Moving towards general user usage? #2

Closed drnic closed 7 years ago

drnic commented 7 years ago

I saw https://twitter.com/mdcarlson/status/811262628483973120 and I tried to use cf top with my PWS account, but it fails:

There aren't many "admins" per CF; and the plugin seems generally useful to all users.

What would it take in CF to allow this plugin to work on non-admin CF environments such as PWS or BlueMix?

kkellner commented 7 years ago

cf top requires that you have foundation "admin" privileges. There is no way to get the information top needs without having nozzle access -- which requires admin privileges.

https://github.com/ECSTeam/cloudfoundry-top-plugin#assign-needed-permissions-if-not-using-admin-user

drnic commented 7 years ago

Could a new API be added to CF that uses the existing UAA auth token to return the information needed? Or could the subsystems you're already talking to - but currently only respond to "admin" - be upgraded to accept lesser authorization?

On Wed, Dec 21, 2016 at 11:59 AM +1000, "Kurt Kellner" notifications@github.com wrote:

cf top requires that your have foundation "admin" privileges. There is no way to get the information top needs without having nozzle access -- which requires admin privileges.

https://github.com/ECSTeam/cloudfoundry-top-plugin#assign-needed-permissions-if-not-using-admin-user

— You are receiving this because you authored the thread.

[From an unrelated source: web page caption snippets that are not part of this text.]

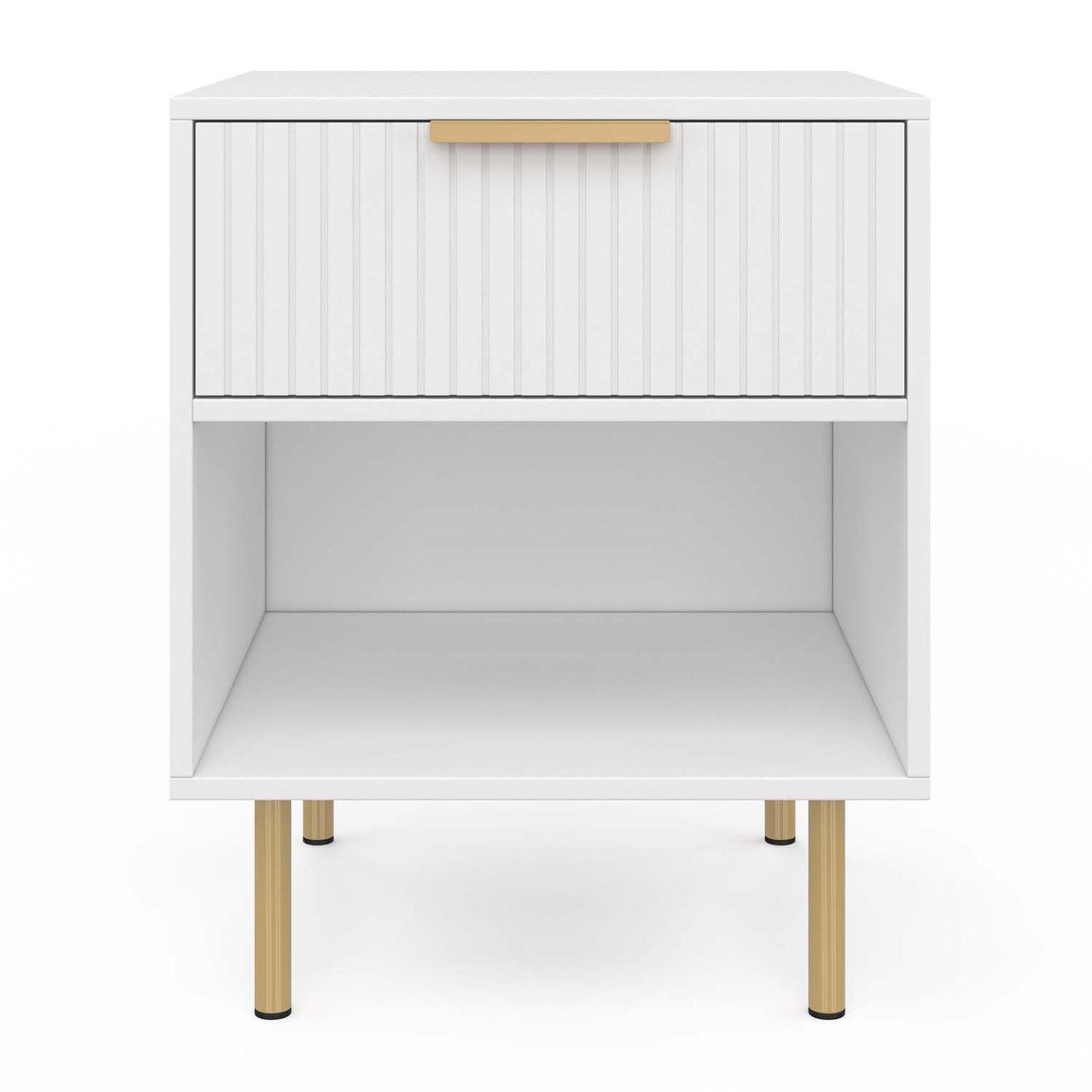 Voir la diapositive 3 : ID MARKET Lot de 2 tables de chevet MARCEL 1 tiroir avec niche effet lattes blanc et doré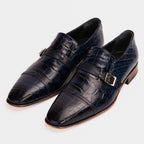 Vinci The Strat Single Monk Strap Cap Toe Navy Leather Handmade Men Shoe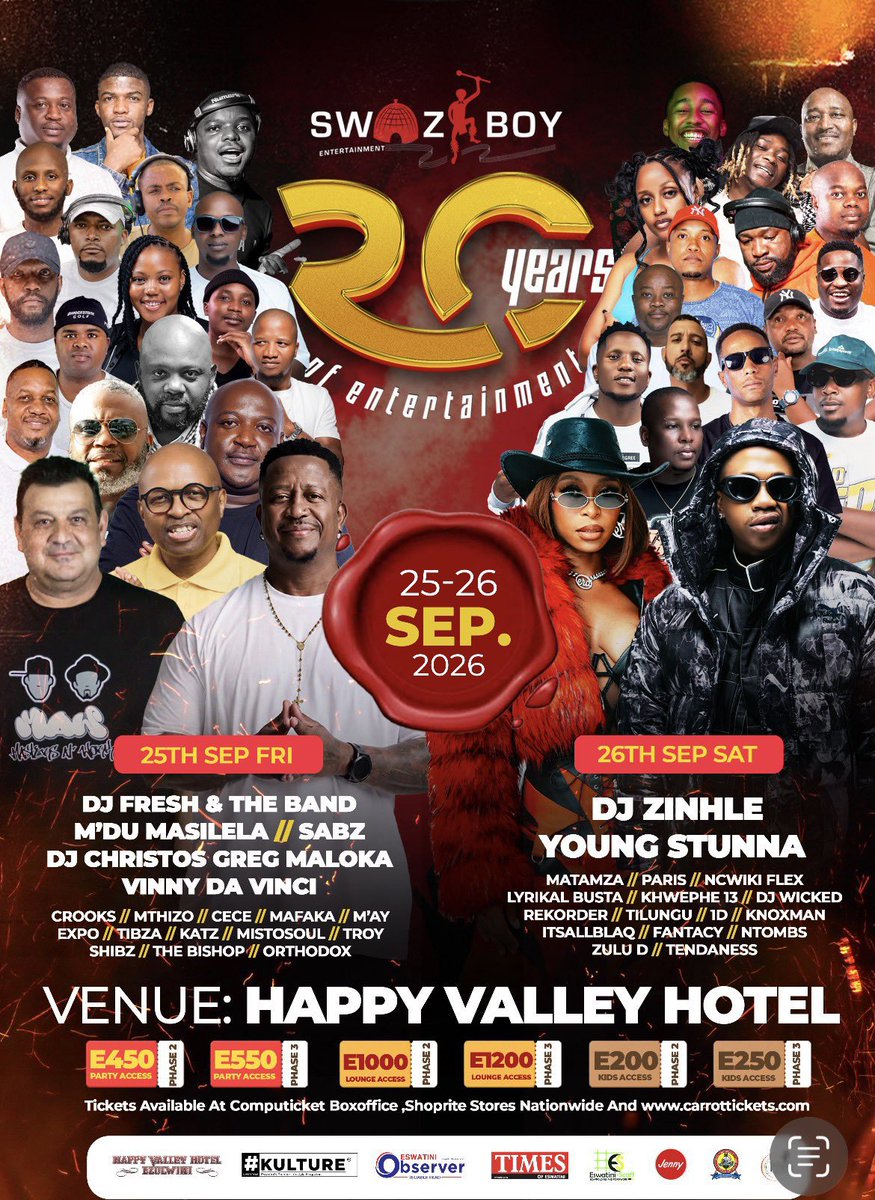 BuhleBakaNgwane's tweet photo. An electrifying weekend where music, culture and communitycome together in a spectacular tribute to 20 years of Swazi Boy's incredible journey and influence.
🗓️ 25-26 September 2026
📍 Happy Valley Hotel
#2Decades #Anniversary #celebrate https://t.co/GPqpe9sm9K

Reply to this email directly, view it on GitHub, or mute the thread.

kkellner commented 7 years ago

The information needed to get the live stats that top displays is from the firehose. The firehose contains everything happening on the platform including all log messages from applications deployed in CF. This information can be sensitive as applications can log anything. I suspect that the choice to secure the firehose was purposeful. If there was a way the traffic controller would only send firehose events appropriate to the user's access (i.g., orgs and spaces the user has access to) it might be possible to provide a limited view in top plugin. However I suspect the performance penalty incurred by attempting to "filter" events in the traffic controller would be high. A CF team with more knowledge than I have would need to provide you more details and feasibility.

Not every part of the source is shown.